As I predicted in my interminable post here, there was a dissent from denial of cert. But the dissent most certainly did not come from the person I thought was “the favorite candidate” (Justice Stevens) to write it, or even the alternate I identified (Justice Breyer), but from Justice Thomas, joined by Justice Scalia. He wrote that the Court should have taken the case to

provide much-needed guidance on two important issues with which the political branches and federal courts have struggled since we decided Boumediene [v. Bush, 128 S. Ct. 2229 (2008) (which invalidated section 7 of the MCA, holding it violated the Suspension Clause)]. The first is the extent, if any, to which provisions like Section 5 affect 28 U. S. C. §2241 in a manner that implicates the constitutional guarantee of habeas corpus.
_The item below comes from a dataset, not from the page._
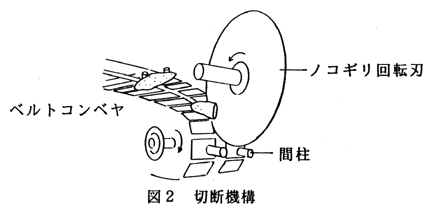 図2 切断機構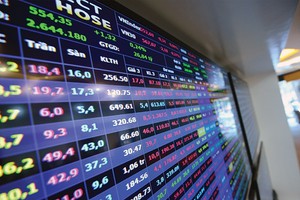 Bất thường giao dịch khối ngoại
The second is whether the Geneva Conventions are self-executing and judicially enforceable.

He then identified several cases that implicated those issues and related ones.

So the question is: why couldn’t Justices Thomas and Scalia attract the votes of Justices Stevens, Ginsburg, Breyer, or Sotomayor to grant? Or the Chief or Justice Alito, for that matter? There are arguments for why the case does not meet the traditional criteria for certiorari, in that Noriega is the only person in the United States who has been declared a POW. But Thomas makes a strong enough argument for the case’s ongoing relevance that it at least raises a question why Stevens and some of his colleagues on the Court’s left didn’t vote in favor of a grant because of the case’s relevance to ongoing detainee litigation.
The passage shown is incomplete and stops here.